US FDA declines to approve AstraZeneca treatment for chronic nasal condition
The drugmaker said the US Food and Drug Administration (FDA) had issued a complete response letter following AstraZeneca's application to extend use of the treatment and requested additional clinical data from it
AstraZeneca Plc said yesterday the US drug regulator declined to approve its asthma medicine, Fasenra, for treatment of chronic rhinosinusitis with nasal polyps, a condition characterised by benign growths that cause pain and stuffiness.
The drugmaker said the US Food and Drug Administration (FDA) had issued a complete response letter following AstraZeneca’s application to extend use of the treatment and requested additional clinical data from it.
Fasenra was AstraZeneca’s first respiratory biologic and raked in $1.26 billion in sales in 2021, jumping 33 per cent from the previous year.
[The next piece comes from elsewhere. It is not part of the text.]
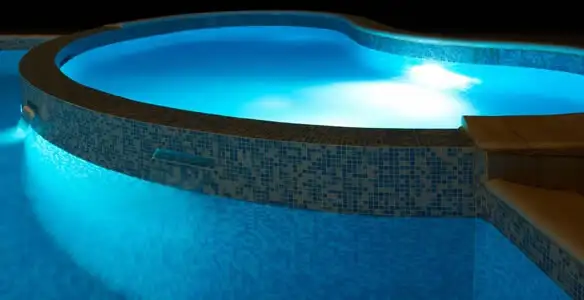 pool light installation and repair services highlighting illuminated pool interior lighting in Phoenix, AZ
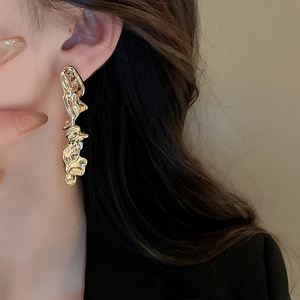 Detail of elegant gold irregular fluid drop earrings worn by a model in soft lighting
It belongs to a class of medicines called monoclonal antibodies and is used against severe asthma.
The treatment rivals GlaxoSmithKline’s Nucala and Teva’s Cinqair from the same drug class, while AstraZeneca has also developed a newer medicine, Tezspire, with Amgen which would compete with Fasenra.
An approval would have challenged Sanofi’s Dupixent and Novartis’s Xolair, the two biologic respiratory drugs that have so far won approval to treat chronic rhinosinusitis with nasal polyposis.
The setback for AstraZeneca’s Fasenra comes after the drugmaker said earlier the FDA had approved its and Merck’s cancer drug, Lynparza, as a treatment for patients with early-stage breast cancer with certain mutations.